This
post includes tips and recommendations for tuning and troubleshooting
performance on WebSphere Application Server based products. IBM WebSphere
Application Server (WAS) is a market-leading Application Server for running
Java applications. It is the flagship product within IBM's WebSphere product
line and it is the base runtime product for several IBM products. These
products range from Mobile servers (IBM Worklight Server), Integration servers
(WebSphere Enterprise Service Bus), Operational Decision Management servers
(WebSphere ILOG JRules), to Business Process Management servers (IBM BPM
Advanced), among many others. Because these products share the same runtime,
the tuning tips and recommendations in this post apply to all of them.
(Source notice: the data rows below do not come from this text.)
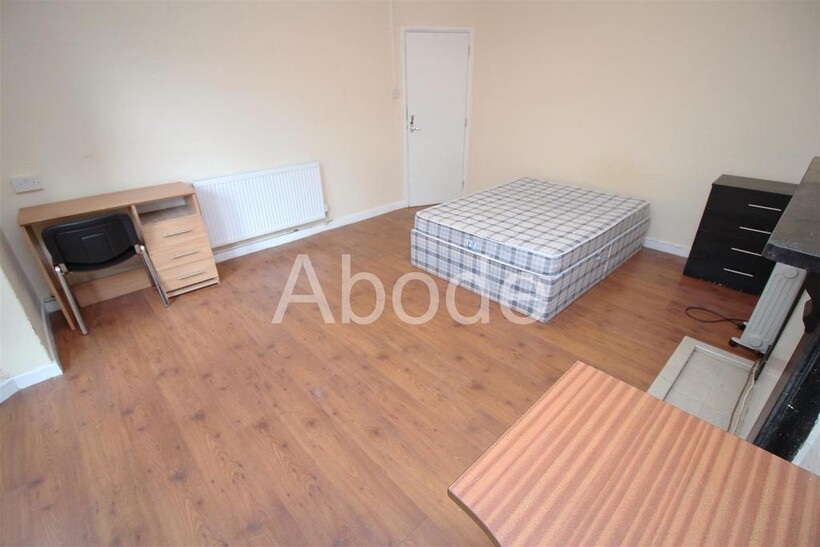 Kensington Terrace, Hyde Park, Leeds 9 bed house to rent - £5,070 pcm (£1,170 pw)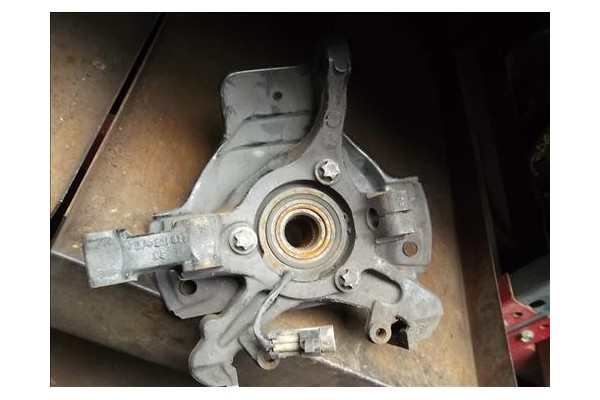 Recambio de mangueta delantero derecha para opel astra f fastback (53_, 54_, 58_, 59_) 1.7 td referencia OEM IAM   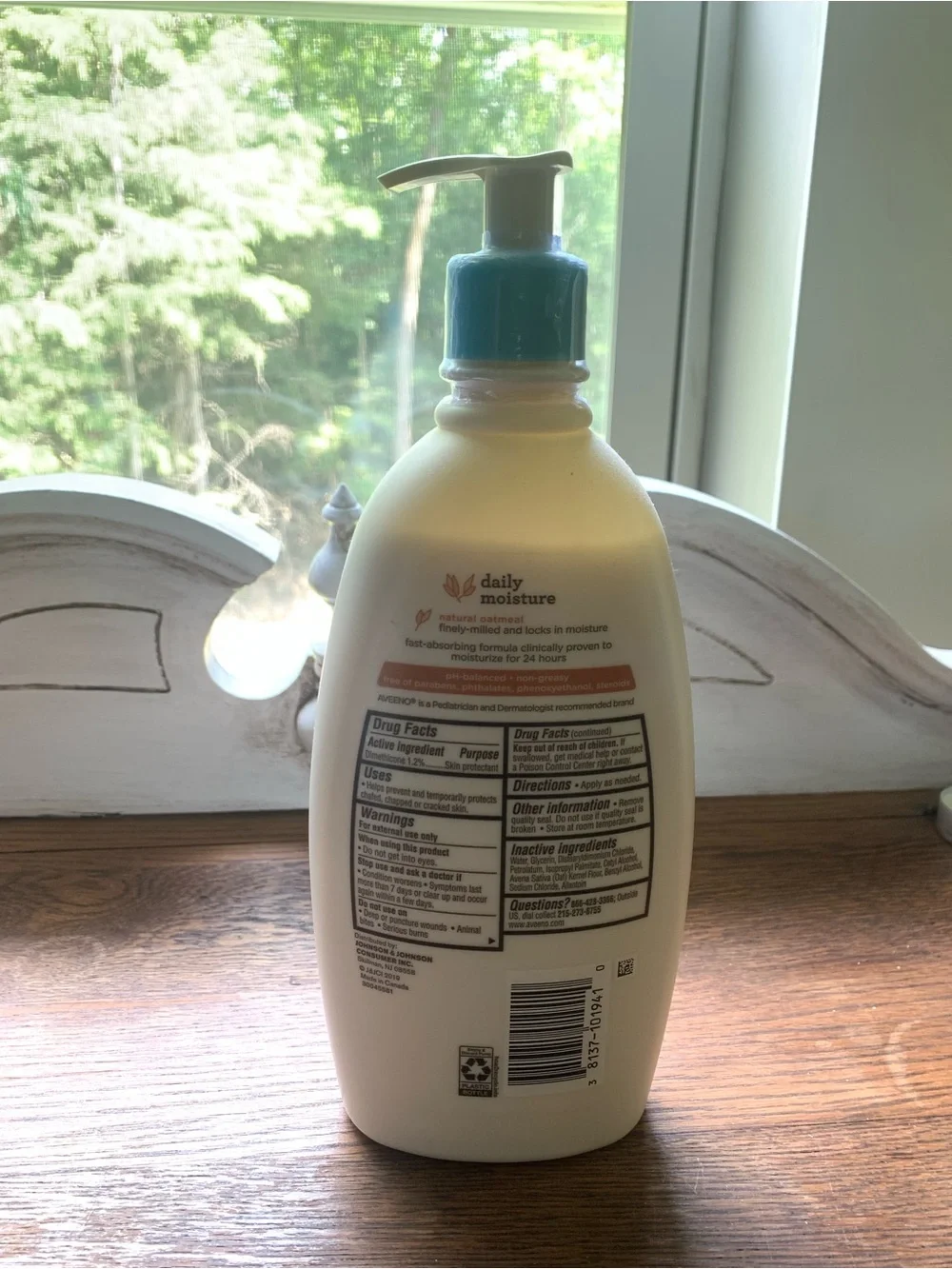 Aveeno Baby Daily Moisture Lotion — Cream Bottle with Teal Pump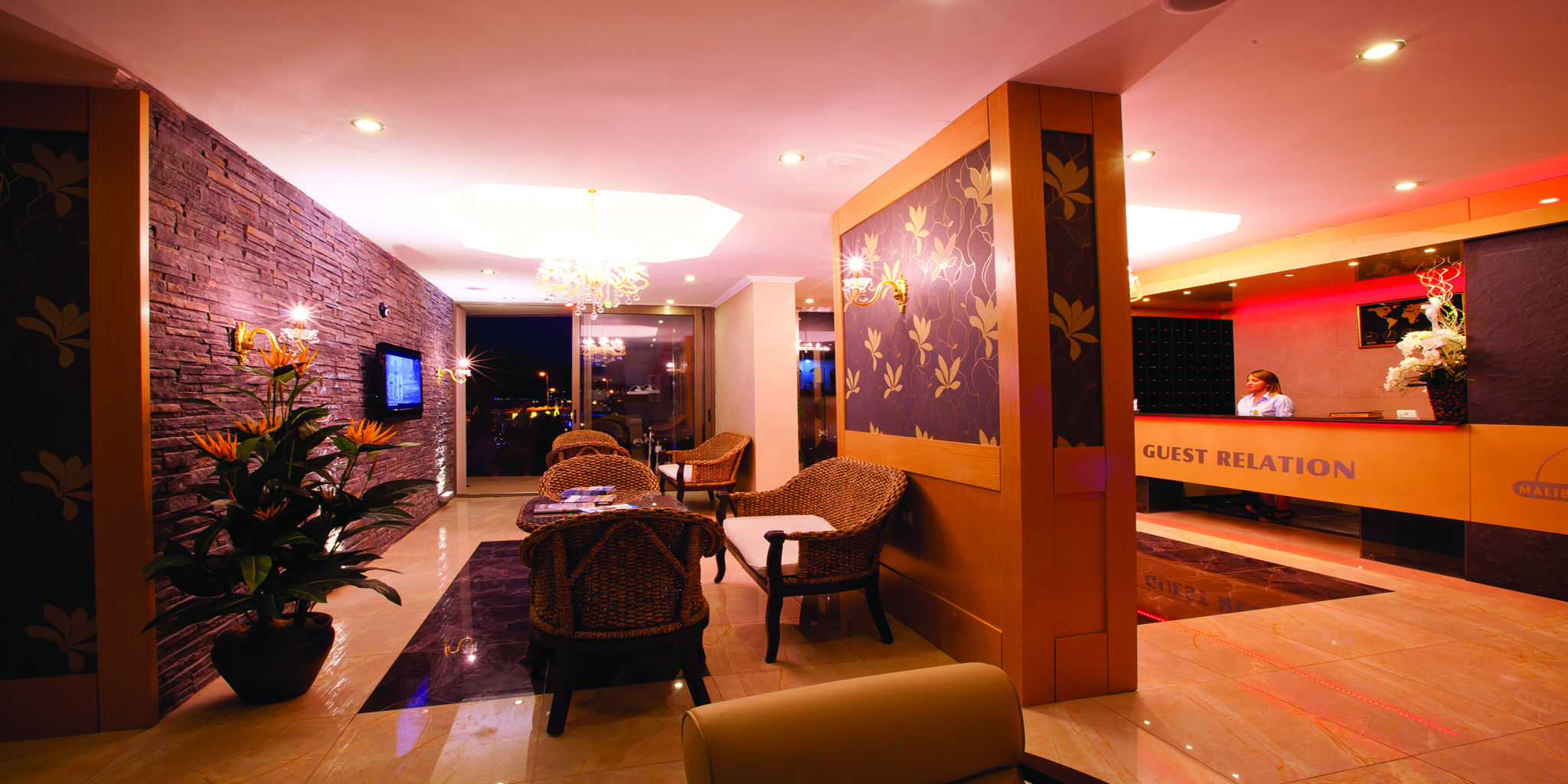 Aurasia Beach Hotel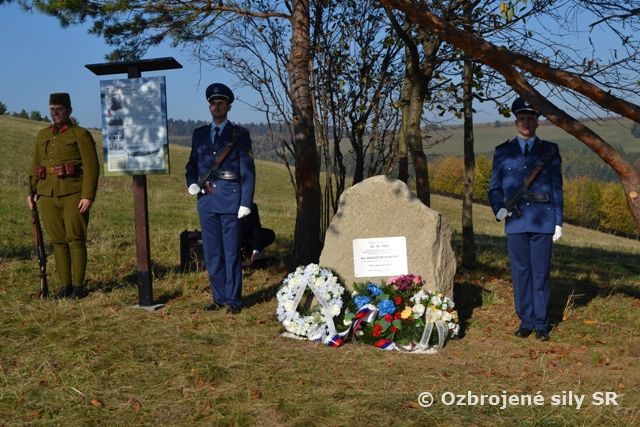 Spomienka na slovenského letca Augustína Kuboviča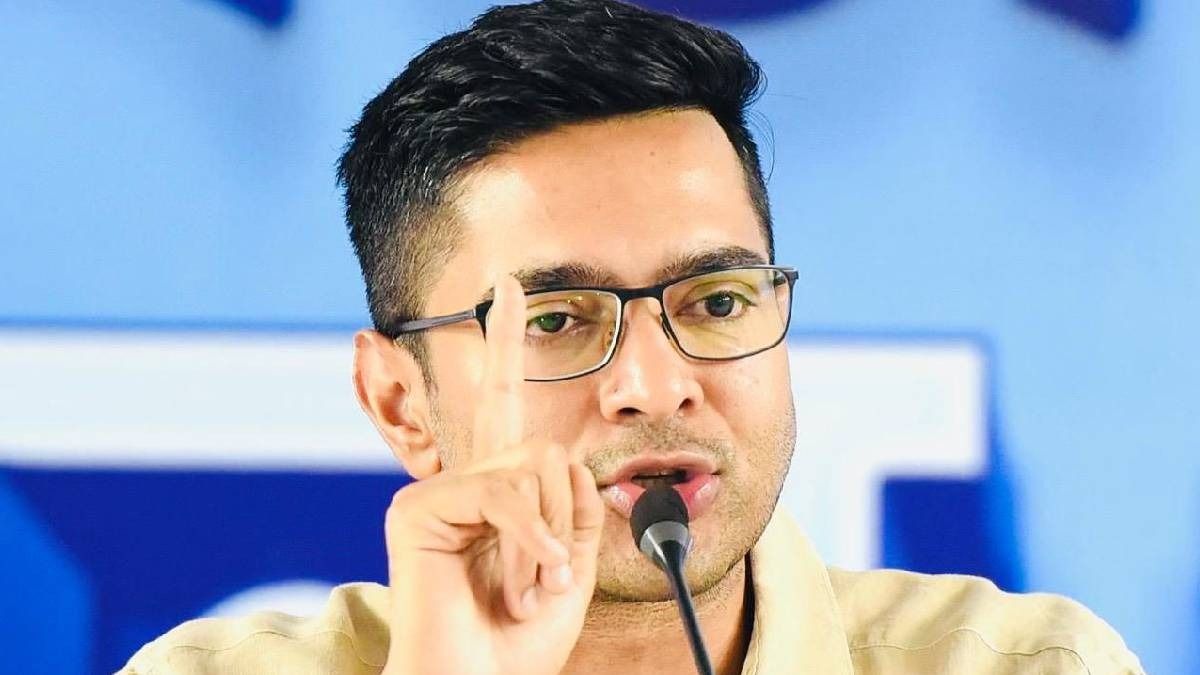অবশেষে 'বিরোধী' আসনে বসলেন অভিষেক, ভোট নিয়ে অভিযোগও করলেন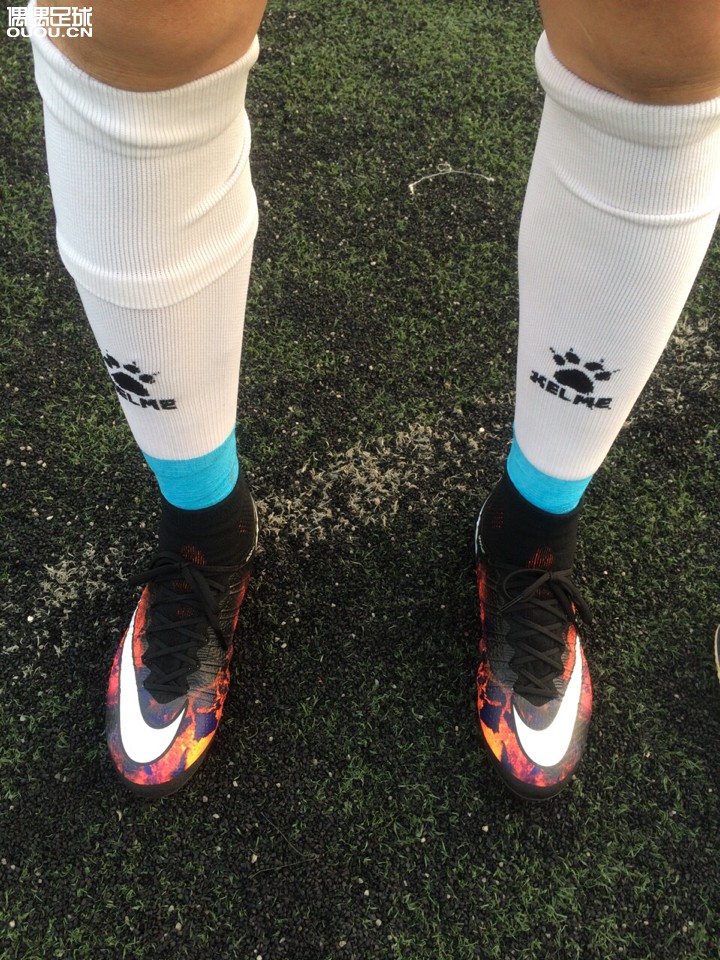 鞋不多,都是实用战派,中端,顶级,超顶,只差没有次顶,都是255,,没有感觉偏差太大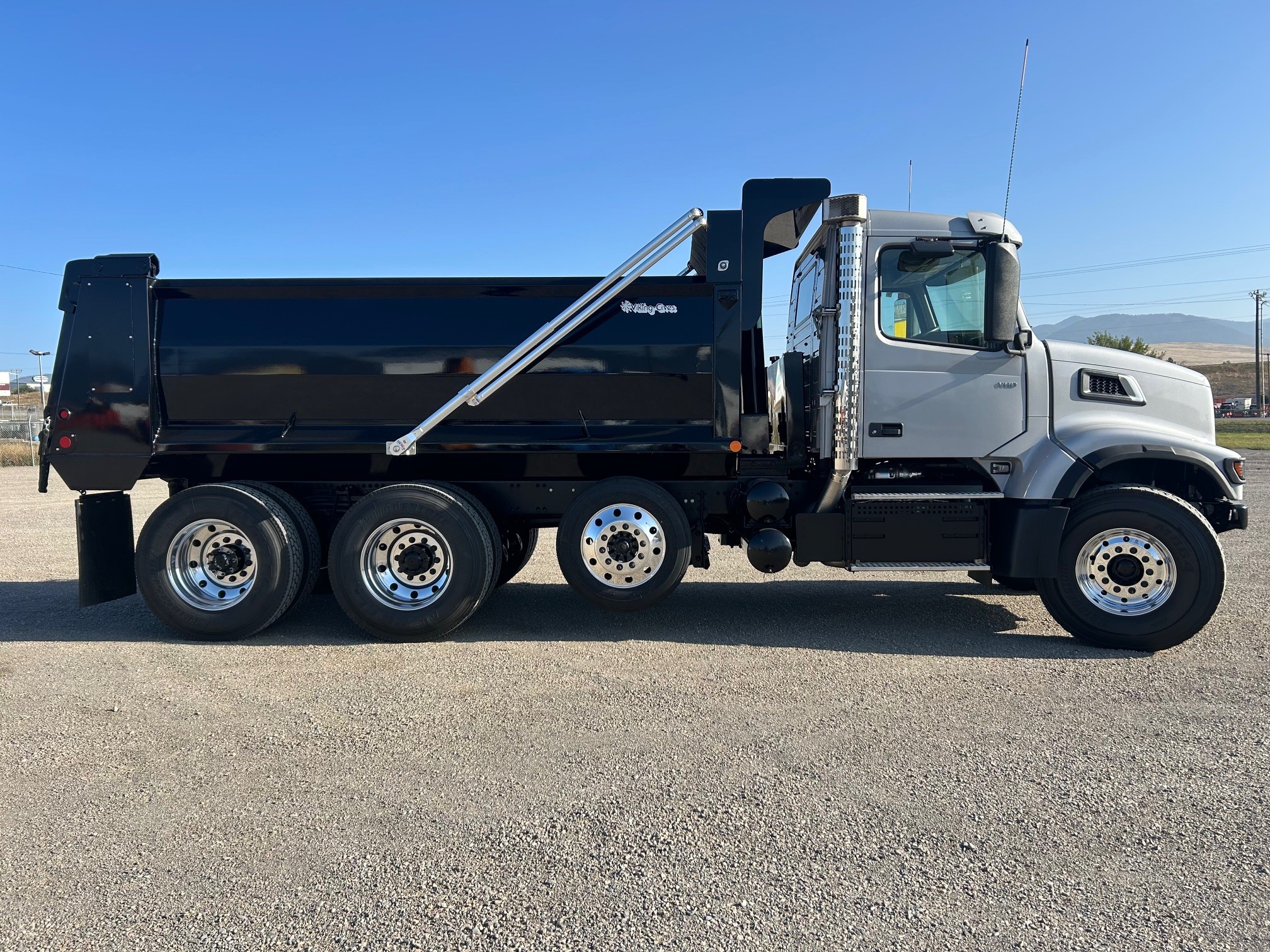 2025 Volvo - image 4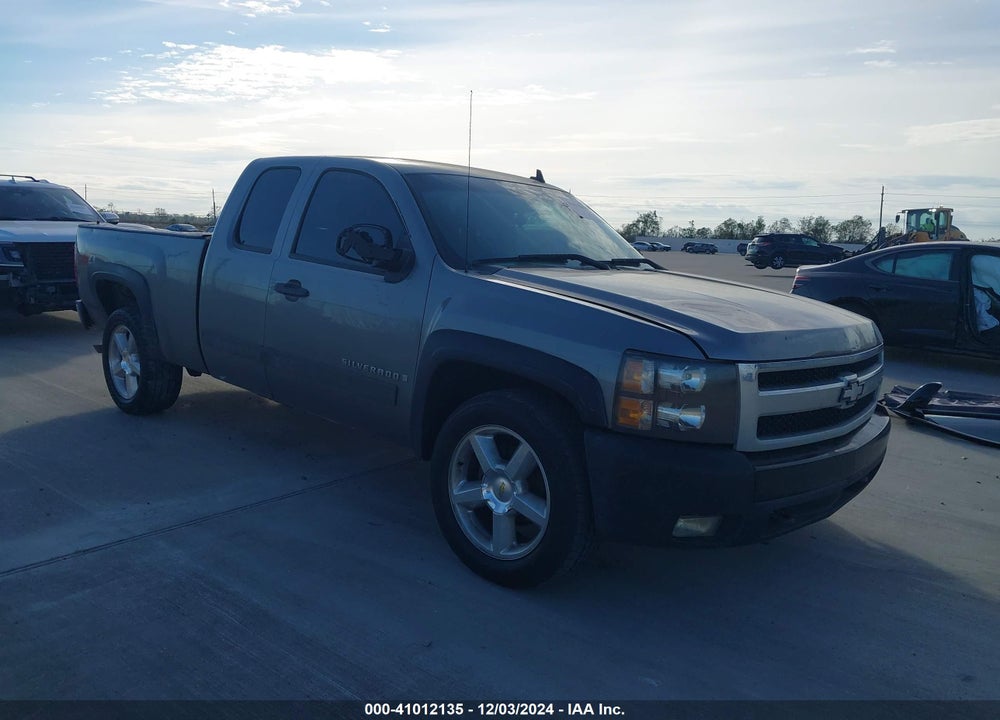 2008 CHEVROLET SILVERADO 1500 LT1 VIN: 2GCEK19J481287070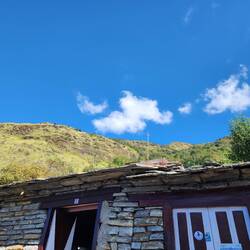 We are climbing 660 m up to the top of the mountain you see tomorrow to Khopra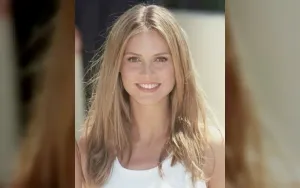 Heidi Klum Tampil Menawan Bak Patung di Met Gala 2026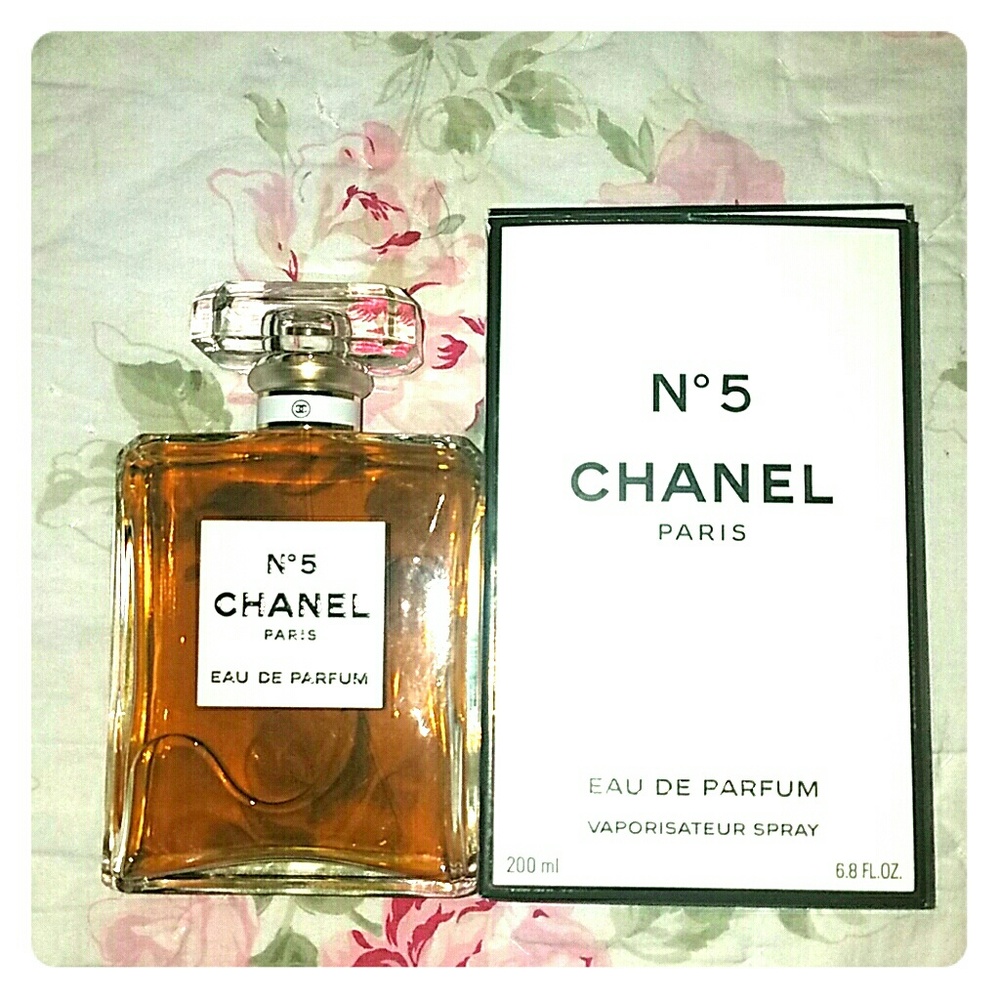 Chanel N?5 perfume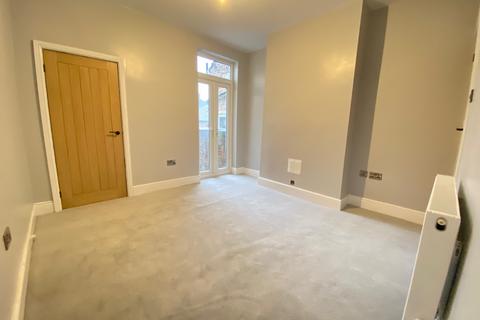 Grosvenor Avenue, Newcastle-under-Lyme, ST4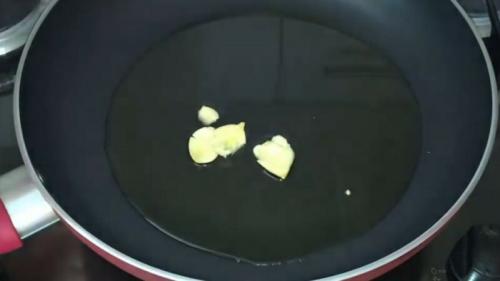 Что надо для цезаря с курицей. Готовим классический салат цезарь с курицей и сухариками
When to Tune for Performance?
Performance
tuning needs to occur early in your project. There should be time allocated for
load and stress testing. Load testing involves testing the normal application
load in terms of expected concurrent request and type of requests. Stress
testing involves testing beyond the expected load level (e.g. 125% to 150% of
expected load) and also includes testing over extended periods of time (e.g. 4
to 8 hours). During the duration of these tests the goal is to monitor and measure
how the application performance and server vitals behave. On a normal load test
there should not be long sustained periods of high CPU usage. What constitutes
an acceptable high usage is relative. A conservative CPU usage is typically
under 50%, where as an aggressive CPU usage may be as high as 80%, but it boils
down to the criticality of the application performance and the risk that can be
incurred.
Java Virtual Machine (JVM) Tuning
During
load tests and specifically for Java applications, it is extremely important to
monitor for Java heap size usage. Every WebSphere Application Server instance
runs in its own JVM. Default JVM settings are usually good enough for small
volume applications. JVM settings will likely need to be tuned to support a
combination of the following: large number of applications deployed, high
volume of transactions to be handled concurrently and/or large size requests.
There are two main areas to watch for when it comes to JVM heap size: how
quickly the heap size grows and how long it takes to perform a garbage
collection.
Tune JVM Minimum and Maximum heap size
As
the number of deployed applications grows, the use of heap size will increase
and may exceed the maximum heap size. This can lead to potential problems:
garbage collections will occur more frequently and will take longer time; our
out of memory errors can occur if there is not enough memory to allocate in the
heap. The heap size growth is also impacted by the expected number of
concurrent requests and by the number or size of objects allocated throughout
processing. Before increasing maximum heap size, it is important to measure
whether the increase is needed due to legitimate application growth, or caused
by potential memory leaks. If it is due to legitimate growth, the maximum heap
size should be incremented not to exceed 50% of overall physical memory on the
server. This measure may vary depending on what other processes are running on
the server (e.g. other JVMs) and how much memory the OS allocates for system
processes. They main goal is to avoid paging to disk as much
as possible. Paging memory to disk translates into larger garbage collection
times and consequently slower application response times.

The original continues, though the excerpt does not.